Senior Platform Engineer
ROLE
Firmus Technologies is seeking a Senior Platform Engineer to join our Engineering and Technology team. You will drive the design and implementation of our MLOps capability. You will also collaborate with other engineers and make technical decisions on scaling Firmus AI factory platform engineering capabilities to planet scale, from IaC, container orchestration, observability, self-service portal to platform security. This role is ideal for a self-starter with passion for building things from first principles. You naturally break down complex problems into their fundamental truths to uncover novel and elegant solutions - rather than relying on conventional patterns.
KEY RESPONSIBILITIES
- Build MLOps capabilities from the ground up, enabling reproducible, scalable, and secure ML workflows across internal and customer-facing environments.
- Continuously improve our DevOps platform to ensure reliability, scalability, security, and seamless integration with CI/CD pipelines and infrastructure services.
- Design, implement, operate and secure Kubernetes-based production infrastructure for high reliability, performance and security, including clusters supporting NVIDIA GB300 NVL72 systems with NVIDIA Quantum-X800 InfiniBand or Spectrum-X Ethernet.
- Develop world-class observability platforms for internal and external customers to achieve ClusterMAX Platinum tier recognition from SemiAnalysis.
- Integrate Firmus central services with NVIDIA’s software stack, including Mission Control, NETQ, UFM, and NMX.
- Lead the enhancement and evangelism of internal platform products that provide cohesive, composable, secure-by-default, and low-friction self-service experiences that accelerates time to market and reduce engineers' cognitive load.
- Drive incident response efforts, participate actively in the on-call rotation, and lead detailed Root Cause Analysis (RCA) to continuously improve system reliability, operational maturity, and incident handling processes.
SKILLS AND EXPERIENCE
- Bachelor's degree in computer science or a related technical field.
- 7+ years of experience as Platform Engineer, Site Reliability Engineer, DevOps engineer, MLOps Engineer or Observability Engineer.
- Demonstrated strong proficiency on the following areas:
- Infrastructure-as-Code, configuration management and CI/CD (e.g., Terraform, Ansible, GitHub Actions, Jenkins, ArgoCD).

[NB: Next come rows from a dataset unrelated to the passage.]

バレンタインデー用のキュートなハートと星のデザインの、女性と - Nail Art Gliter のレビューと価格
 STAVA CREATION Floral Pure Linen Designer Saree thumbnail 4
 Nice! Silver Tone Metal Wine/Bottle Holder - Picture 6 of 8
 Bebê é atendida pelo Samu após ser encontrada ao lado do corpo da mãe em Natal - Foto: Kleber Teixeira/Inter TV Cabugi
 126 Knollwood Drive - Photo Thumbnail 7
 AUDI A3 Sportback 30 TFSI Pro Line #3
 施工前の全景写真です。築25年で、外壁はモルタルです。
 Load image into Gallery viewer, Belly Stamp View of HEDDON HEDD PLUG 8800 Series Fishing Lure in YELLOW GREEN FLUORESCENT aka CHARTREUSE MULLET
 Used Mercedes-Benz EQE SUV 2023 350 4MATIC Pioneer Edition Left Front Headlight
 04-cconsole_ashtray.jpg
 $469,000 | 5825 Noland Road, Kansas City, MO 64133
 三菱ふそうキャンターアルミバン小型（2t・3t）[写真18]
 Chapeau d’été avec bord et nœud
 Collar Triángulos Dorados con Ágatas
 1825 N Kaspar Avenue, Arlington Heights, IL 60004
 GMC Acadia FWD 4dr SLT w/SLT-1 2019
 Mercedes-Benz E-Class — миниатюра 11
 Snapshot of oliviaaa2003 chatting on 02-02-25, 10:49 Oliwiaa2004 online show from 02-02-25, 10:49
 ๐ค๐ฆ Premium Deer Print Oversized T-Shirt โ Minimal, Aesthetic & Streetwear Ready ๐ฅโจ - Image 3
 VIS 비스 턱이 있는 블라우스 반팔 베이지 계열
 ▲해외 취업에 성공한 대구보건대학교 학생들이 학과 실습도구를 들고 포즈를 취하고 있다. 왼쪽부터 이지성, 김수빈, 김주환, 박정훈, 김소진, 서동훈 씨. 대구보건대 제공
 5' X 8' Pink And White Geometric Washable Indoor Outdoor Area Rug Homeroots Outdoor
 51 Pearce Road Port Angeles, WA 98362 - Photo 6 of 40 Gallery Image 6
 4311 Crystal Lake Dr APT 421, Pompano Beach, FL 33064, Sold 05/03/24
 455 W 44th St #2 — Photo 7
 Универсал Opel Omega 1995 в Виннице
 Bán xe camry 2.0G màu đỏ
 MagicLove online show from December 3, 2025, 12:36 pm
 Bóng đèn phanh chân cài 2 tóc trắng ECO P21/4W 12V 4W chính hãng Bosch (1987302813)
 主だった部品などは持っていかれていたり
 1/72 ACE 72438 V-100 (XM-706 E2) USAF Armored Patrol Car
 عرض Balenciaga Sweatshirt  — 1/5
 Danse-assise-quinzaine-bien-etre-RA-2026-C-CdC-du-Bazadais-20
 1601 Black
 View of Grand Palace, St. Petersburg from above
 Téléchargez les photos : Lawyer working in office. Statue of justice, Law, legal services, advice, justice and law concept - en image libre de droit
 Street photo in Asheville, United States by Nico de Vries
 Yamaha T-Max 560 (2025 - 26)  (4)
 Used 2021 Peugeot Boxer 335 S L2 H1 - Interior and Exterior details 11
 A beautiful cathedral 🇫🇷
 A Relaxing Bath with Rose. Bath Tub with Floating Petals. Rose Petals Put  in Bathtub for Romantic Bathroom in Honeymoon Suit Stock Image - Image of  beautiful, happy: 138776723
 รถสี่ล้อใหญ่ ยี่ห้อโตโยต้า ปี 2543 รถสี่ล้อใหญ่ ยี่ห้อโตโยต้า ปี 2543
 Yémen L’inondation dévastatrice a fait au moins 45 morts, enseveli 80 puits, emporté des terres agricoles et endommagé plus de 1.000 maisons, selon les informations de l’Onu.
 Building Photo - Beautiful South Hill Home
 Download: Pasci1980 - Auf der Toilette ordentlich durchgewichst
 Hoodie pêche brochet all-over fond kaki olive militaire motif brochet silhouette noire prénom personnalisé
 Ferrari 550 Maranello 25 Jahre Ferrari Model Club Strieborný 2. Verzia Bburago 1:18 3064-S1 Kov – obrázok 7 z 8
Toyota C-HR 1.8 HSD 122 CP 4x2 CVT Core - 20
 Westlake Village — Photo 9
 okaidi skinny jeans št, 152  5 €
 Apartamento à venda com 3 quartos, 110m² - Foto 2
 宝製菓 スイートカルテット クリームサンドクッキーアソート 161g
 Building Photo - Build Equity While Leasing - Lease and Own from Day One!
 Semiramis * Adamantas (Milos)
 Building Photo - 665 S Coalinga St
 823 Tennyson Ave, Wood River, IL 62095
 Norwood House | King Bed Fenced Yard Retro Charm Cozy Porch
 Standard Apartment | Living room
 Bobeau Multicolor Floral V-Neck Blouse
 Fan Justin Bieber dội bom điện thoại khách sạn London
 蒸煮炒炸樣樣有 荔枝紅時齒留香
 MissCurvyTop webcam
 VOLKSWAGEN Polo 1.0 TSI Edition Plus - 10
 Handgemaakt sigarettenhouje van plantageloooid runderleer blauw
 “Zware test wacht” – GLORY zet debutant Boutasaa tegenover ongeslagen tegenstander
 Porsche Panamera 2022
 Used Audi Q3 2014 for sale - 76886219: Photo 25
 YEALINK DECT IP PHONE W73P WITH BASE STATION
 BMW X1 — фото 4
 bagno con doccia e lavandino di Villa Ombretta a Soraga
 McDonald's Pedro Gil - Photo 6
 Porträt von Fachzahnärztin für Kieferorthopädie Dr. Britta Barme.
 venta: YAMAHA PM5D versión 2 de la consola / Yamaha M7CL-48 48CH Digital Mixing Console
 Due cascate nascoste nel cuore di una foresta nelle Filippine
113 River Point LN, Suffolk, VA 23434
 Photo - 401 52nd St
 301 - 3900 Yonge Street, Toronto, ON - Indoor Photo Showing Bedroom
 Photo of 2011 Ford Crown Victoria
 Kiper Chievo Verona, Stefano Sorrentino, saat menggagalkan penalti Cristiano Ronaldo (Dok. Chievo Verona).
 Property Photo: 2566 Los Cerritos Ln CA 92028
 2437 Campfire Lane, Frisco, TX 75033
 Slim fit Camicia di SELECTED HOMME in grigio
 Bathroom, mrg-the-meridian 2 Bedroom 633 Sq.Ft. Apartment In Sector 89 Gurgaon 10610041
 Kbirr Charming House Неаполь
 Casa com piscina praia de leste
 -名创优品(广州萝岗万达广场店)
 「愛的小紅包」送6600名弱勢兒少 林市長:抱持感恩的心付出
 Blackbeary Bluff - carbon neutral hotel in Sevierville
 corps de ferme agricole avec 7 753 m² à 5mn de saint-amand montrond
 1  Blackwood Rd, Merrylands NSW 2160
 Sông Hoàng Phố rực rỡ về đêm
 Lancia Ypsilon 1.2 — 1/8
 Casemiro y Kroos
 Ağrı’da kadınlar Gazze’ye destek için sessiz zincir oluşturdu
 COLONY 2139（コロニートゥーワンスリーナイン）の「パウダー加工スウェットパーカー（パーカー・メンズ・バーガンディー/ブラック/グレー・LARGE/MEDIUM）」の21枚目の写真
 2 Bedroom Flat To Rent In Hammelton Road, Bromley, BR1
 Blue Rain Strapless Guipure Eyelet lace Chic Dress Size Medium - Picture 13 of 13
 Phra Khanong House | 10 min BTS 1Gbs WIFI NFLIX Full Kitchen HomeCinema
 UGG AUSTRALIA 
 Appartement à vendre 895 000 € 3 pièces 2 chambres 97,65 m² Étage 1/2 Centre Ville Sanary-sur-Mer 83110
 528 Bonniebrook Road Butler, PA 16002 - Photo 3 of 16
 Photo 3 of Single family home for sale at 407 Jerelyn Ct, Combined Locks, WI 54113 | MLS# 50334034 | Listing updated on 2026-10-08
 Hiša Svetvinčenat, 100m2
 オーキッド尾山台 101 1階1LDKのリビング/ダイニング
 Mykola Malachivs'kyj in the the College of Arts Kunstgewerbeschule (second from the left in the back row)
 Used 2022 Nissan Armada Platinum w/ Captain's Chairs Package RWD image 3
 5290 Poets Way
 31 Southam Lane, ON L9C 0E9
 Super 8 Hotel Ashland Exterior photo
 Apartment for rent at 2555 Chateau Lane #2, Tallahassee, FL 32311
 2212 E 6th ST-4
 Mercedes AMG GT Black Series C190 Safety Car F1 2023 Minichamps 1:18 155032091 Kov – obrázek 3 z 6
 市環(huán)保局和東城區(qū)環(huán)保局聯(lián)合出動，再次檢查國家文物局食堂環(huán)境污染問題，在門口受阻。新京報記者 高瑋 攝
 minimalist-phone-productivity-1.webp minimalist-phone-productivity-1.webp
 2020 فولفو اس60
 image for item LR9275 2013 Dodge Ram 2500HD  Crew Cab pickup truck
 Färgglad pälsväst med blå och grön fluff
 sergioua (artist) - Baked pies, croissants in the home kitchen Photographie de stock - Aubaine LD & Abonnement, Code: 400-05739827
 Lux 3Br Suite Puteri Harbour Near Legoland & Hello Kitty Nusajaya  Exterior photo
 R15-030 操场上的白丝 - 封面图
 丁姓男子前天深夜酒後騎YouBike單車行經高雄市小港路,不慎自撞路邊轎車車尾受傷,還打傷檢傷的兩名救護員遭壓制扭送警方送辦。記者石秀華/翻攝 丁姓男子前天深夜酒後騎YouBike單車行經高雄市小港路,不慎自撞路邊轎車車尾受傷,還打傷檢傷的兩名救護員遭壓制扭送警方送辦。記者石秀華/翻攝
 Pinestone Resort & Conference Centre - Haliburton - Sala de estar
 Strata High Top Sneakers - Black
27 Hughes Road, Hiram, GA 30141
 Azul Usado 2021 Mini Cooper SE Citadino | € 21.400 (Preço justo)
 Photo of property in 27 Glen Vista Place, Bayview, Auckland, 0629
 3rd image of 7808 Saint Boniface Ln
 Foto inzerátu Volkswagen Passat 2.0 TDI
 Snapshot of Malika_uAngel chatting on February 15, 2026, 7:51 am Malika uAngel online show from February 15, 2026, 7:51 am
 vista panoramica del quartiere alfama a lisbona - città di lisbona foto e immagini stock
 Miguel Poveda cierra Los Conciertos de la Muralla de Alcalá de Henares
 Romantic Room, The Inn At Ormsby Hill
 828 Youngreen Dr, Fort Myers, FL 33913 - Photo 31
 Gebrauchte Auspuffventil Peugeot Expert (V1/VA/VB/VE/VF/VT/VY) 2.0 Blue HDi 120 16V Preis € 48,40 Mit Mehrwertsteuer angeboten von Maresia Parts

- Containerization technologies (e.g., Docker), Kubernetes networking and cluster management, including upgrades and troubleshooting.
- Observability stack design and scaling (e.g., Loki, Grafana, Tempo, Prometheus, Thanos, ClickHouse).
- Telemetry solutions using various technology (e.g., Redfish, gNMI, SNMP, eBPF, streaming analytics).
- Unified telemetry collection with OpenTelemetry.
- Compliance automation (e.g., OPA, Kyverno).
- Competent in scripting and programming skills (e.g., Bash, Python, Go).
- Systems knowledge on Linux internals, networking stacks, and distributed storage.
- Clear and effective English communication, written and spoken.
- Bonus: Experience in high-growth startups or regulated industries with robust security and data privacy requirements, including SOC 2 Type 2 and ISO 27001.
About Sustainable Metal Cloud
Our vision is to move cloud computing towards net zero, with solutions forged through advanced technology. Partnering with NVIDIA to provide large-scale GPU AI infrastructure.
WHY YOU'LL LOVE WORKING HERE
Our team shares a passion for possibility, knowing that our technology enables ideas across the world. Ideas that can reshape the course of progress and break down traditional boundaries.